According to a recent study by Lender Processing Services, foreclosure starts continue to be dominated by GSEs (Government Sponsored Enterprises). However, GNMA (or Ginnie Mae, Government National Mortgage Association) activity is almost negligible. GNMA is a government-owned agency which acts as a secondary market conduit for FHA and VA loans.
Second lien holders will be facing big trouble once foreclosures gain steam again. If the problem spreads, your bank deposits could be in jeopardy.
While both the S&P/Case-Shiller Report for August and September 2010 Existing Home Sales Report by the National Association of Realtors are painting a gloomy picture of the real estate market, the Fed is embarking on a large-scale purchase of long-term government debt, presumably in an attempt to keep long-term interest rates lower than they would otherwise be.
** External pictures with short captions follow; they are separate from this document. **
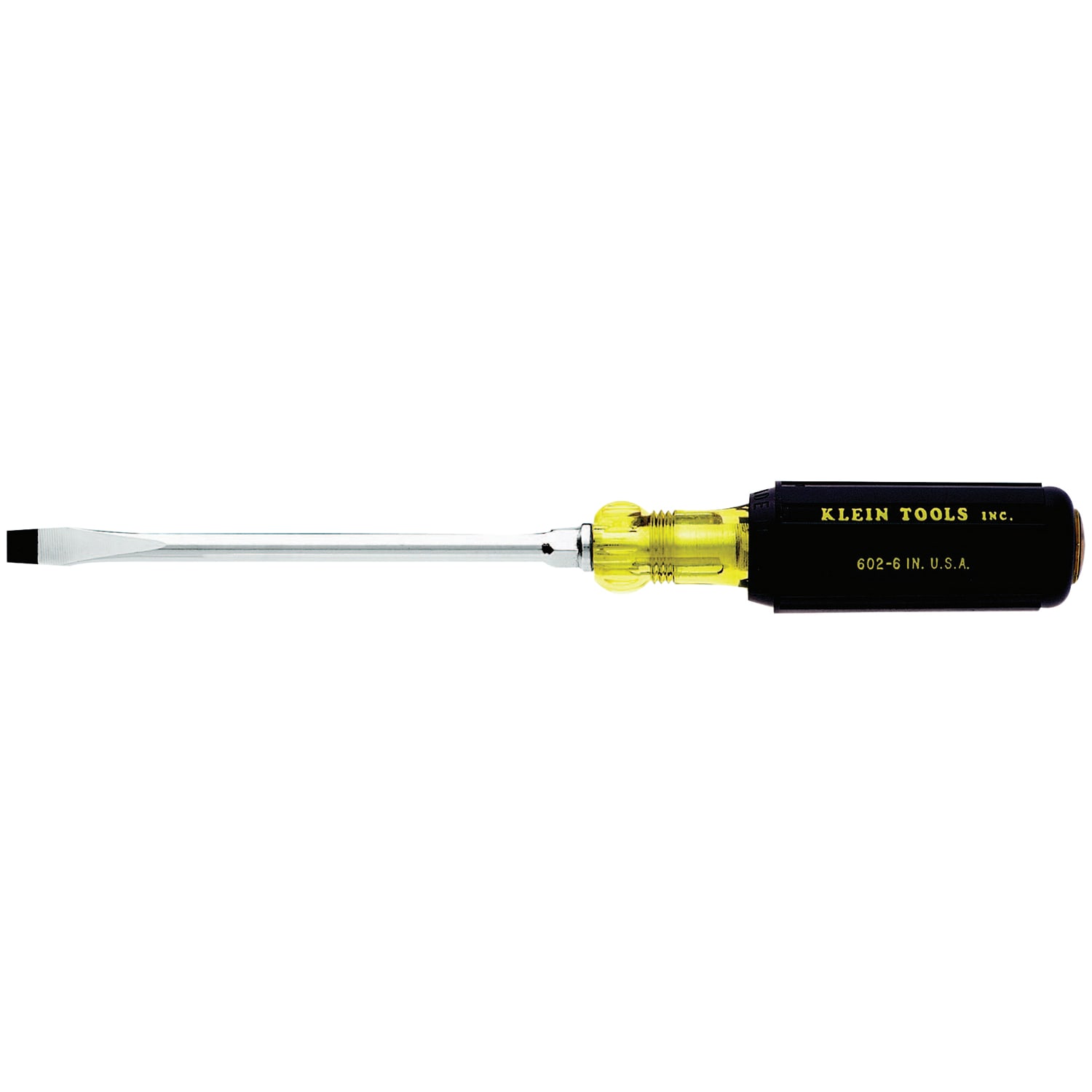 Klein Tools 5/16in Keystone Tip Heavy-Duty Round Shank Screwdriver, 6in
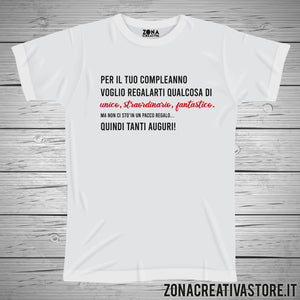T-shirt per festa di compleanno UNICO, STRAORDINARIO, FANTASTICO...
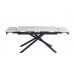 Керамический стол TML-819-1 вайт клауд + чорний
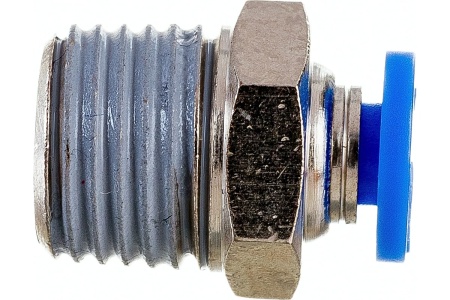 Фитинг цанговый прямой с наружной резьбой 1/4M для трубки диаметром 4 мм SHPI PC 04-R02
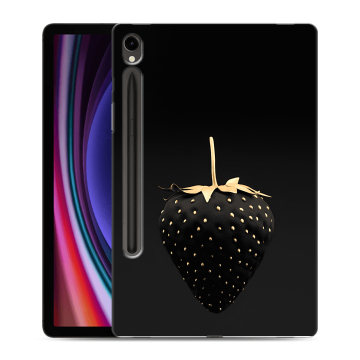 Силиконовый чехол на планшета Samsung Galaxy Tab S9 с принтом Черная клубника Силиконовый чехол на планшета Samsung Galaxy Tab S9 с принтом Черная клубника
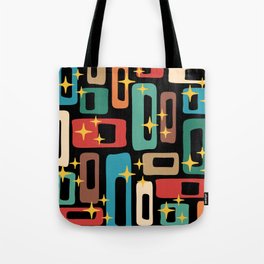 Retro Mid Century Modern Abstract Pattern 223 Tote Bag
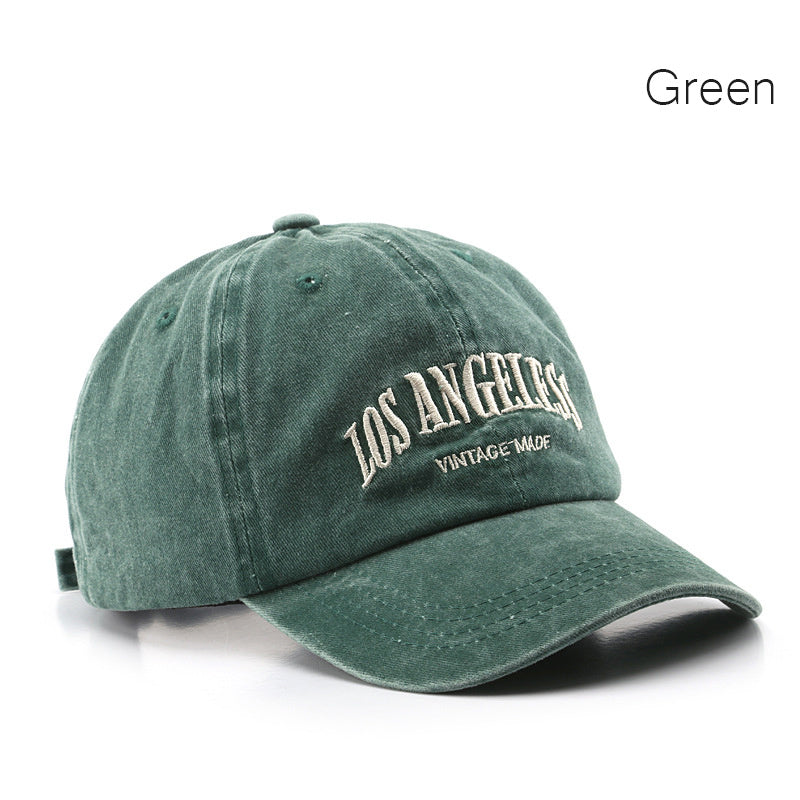 Embroidered Baseball Cap Unisex Casual Retro Snapback Soft Top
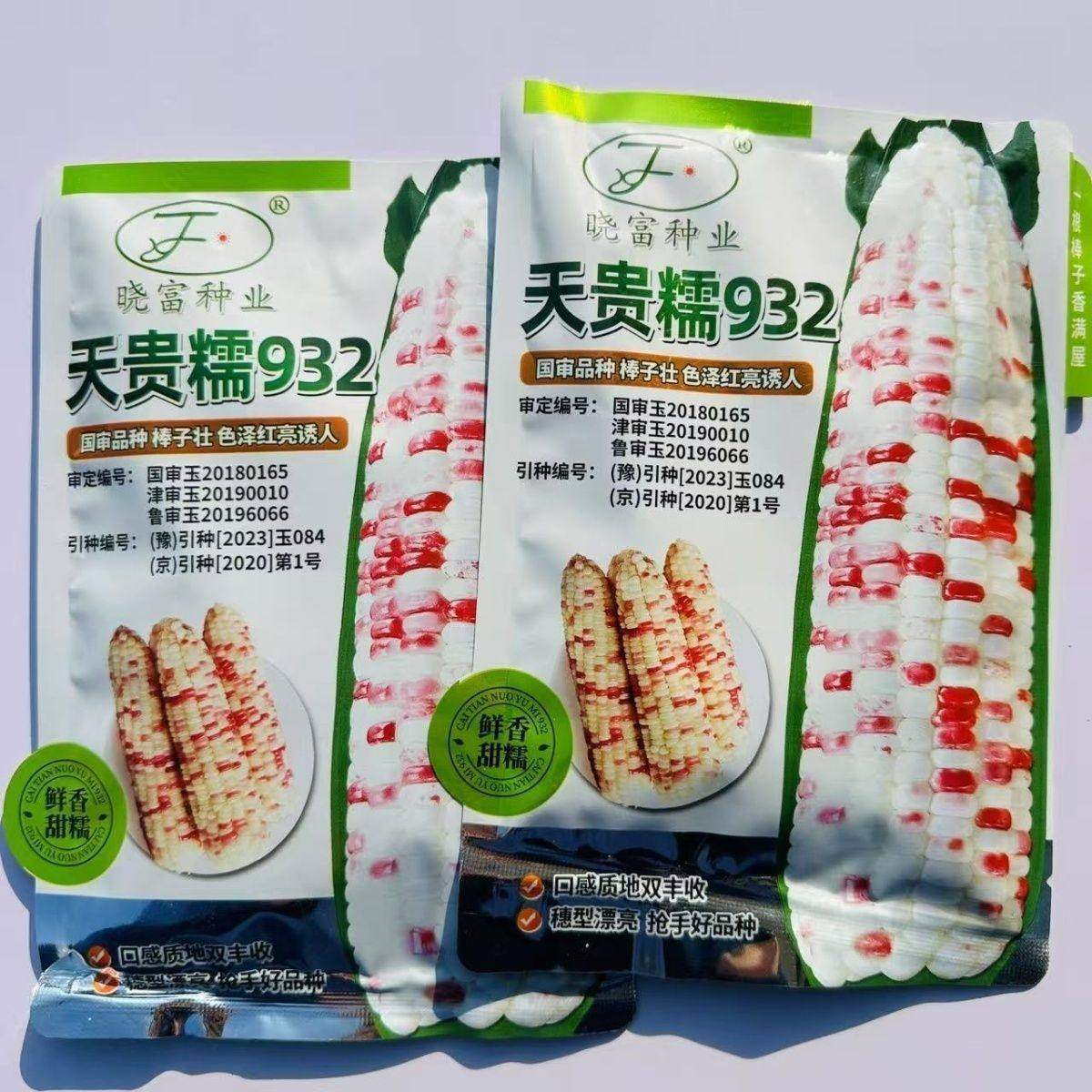 天贵糯932彩甜糯玉米种子春季大棒彩甜糯玉米种子籽鲜食玉米种子,淘宝优惠券,粉丝福利购,淘宝优惠卷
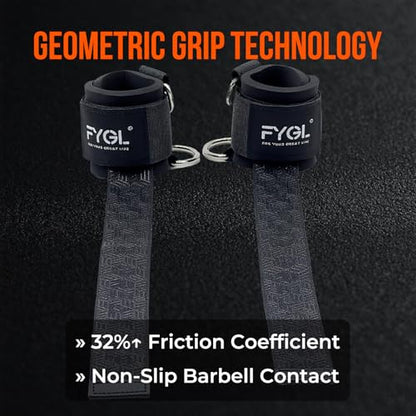 Double D Ring Weightlifting Straps - Neoprene Padding | Anti-slip silicone grip with adjustable fit for deadlifts and cable machines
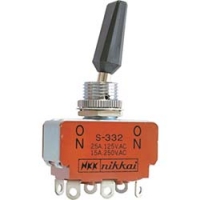 ＮＫＫスイッチズ（株） S-332R ＮＫＫスイッチズ　プラスチックレバー形トグルスイッチ　２極ＯＮ－ＯＮ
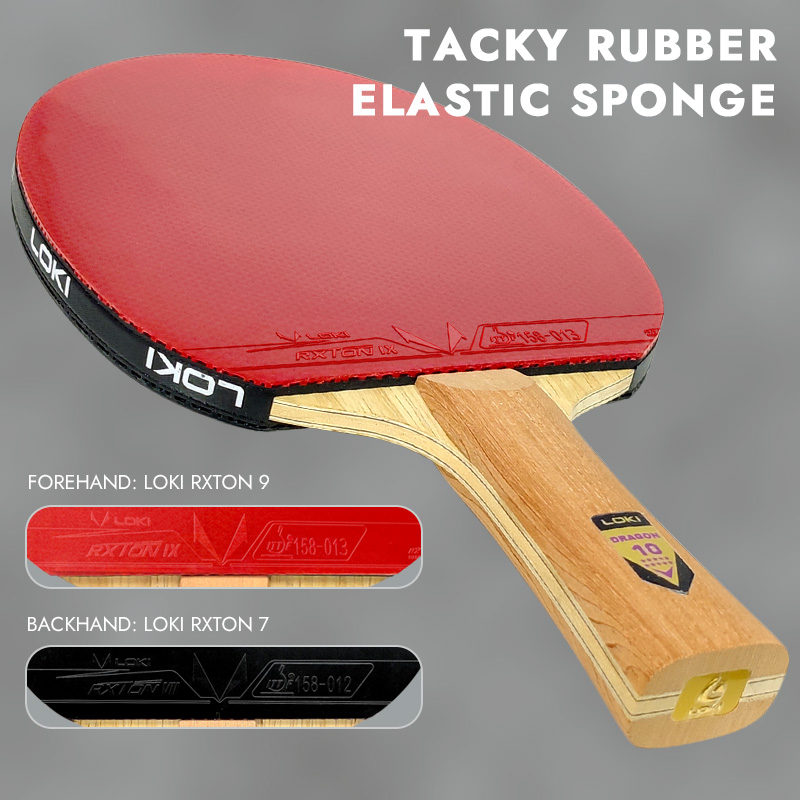 LOKI DRAGON 10 STER Tafeltenni - Table Tennis Zhang Jike recensie en prijs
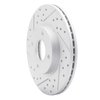 830-54075L Geoperformance Drilled/Slotted Brake Rotor, 2014-2019 Ford/Lincoln/Mercury/Mazda, Position: Front Left - image 2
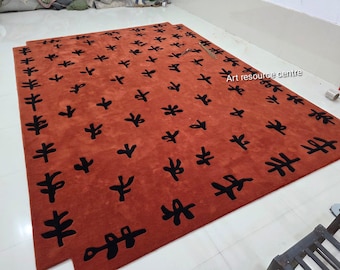Modern Hand Tufted Rug Grand  Green Terra Handtufted Area Rug made by 100% New Zealand Wool Rug,Living Room,Lounge rug, Bedroom Rug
This entire operation has been dubbed QEII (quantative easing part two).
Why don’t we feel like the Fed is doing us a favor?
The purchase of long-term debt of the U.S. federal government is being paid for with short-term debt issued by the Fed. Does it make any sense to you?
If the Fed is desperate enough to pay with short-term debt for long-term debt in hopes of reducing effective long-term interest rates, it could only mean one thing: China may have reconsidered its role as the lender of last resort. It doesn’t take a rocket scientist to figure out that any uptick in mortgage rates would have a devastating effect on home sales.
One major reason the Fed cannot afford to allow for interest rates to go up are ARM loans, which are a time-bomb waiting to go off.